Materials provided:
────────────────────

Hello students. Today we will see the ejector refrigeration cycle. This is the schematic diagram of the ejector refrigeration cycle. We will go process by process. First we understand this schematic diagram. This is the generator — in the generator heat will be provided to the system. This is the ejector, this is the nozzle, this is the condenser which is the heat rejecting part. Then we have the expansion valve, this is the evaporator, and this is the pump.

────────────────────

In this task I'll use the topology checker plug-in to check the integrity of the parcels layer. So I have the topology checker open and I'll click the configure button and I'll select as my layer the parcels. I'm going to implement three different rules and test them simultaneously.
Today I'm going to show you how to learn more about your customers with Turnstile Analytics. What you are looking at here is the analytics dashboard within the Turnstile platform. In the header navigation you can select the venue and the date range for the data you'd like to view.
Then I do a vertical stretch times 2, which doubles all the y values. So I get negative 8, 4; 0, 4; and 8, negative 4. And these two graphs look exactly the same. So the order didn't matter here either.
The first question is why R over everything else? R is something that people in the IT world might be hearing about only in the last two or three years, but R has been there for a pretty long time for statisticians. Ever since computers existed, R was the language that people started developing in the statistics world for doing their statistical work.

────────────────────

Assignment:
The range runs from the line above containing "Today I'm going" to the line containing "The first question", inclusive. Restate those lines word for word and no others.

Expected answer:
Today I'm going to show you how to learn more about your customers with Turnstile Analytics. What you are looking at here is the analytics dashboard within the Turnstile platform. In the header navigation you can select the venue and the date range for the data you'd like to view.
Then I do a vertical stretch times 2, which doubles all the y values. So I get negative 8, 4; 0, 4; and 8, negative 4. And these two graphs look exactly the same. So the order didn't matter here either.
The first question is why R over everything else? R is something that people in the IT world might be hearing about only in the last two or three years, but R has been there for a pretty long time for statisticians. Ever since computers existed, R was the language that people started developing in the statistics world for doing their statistical work.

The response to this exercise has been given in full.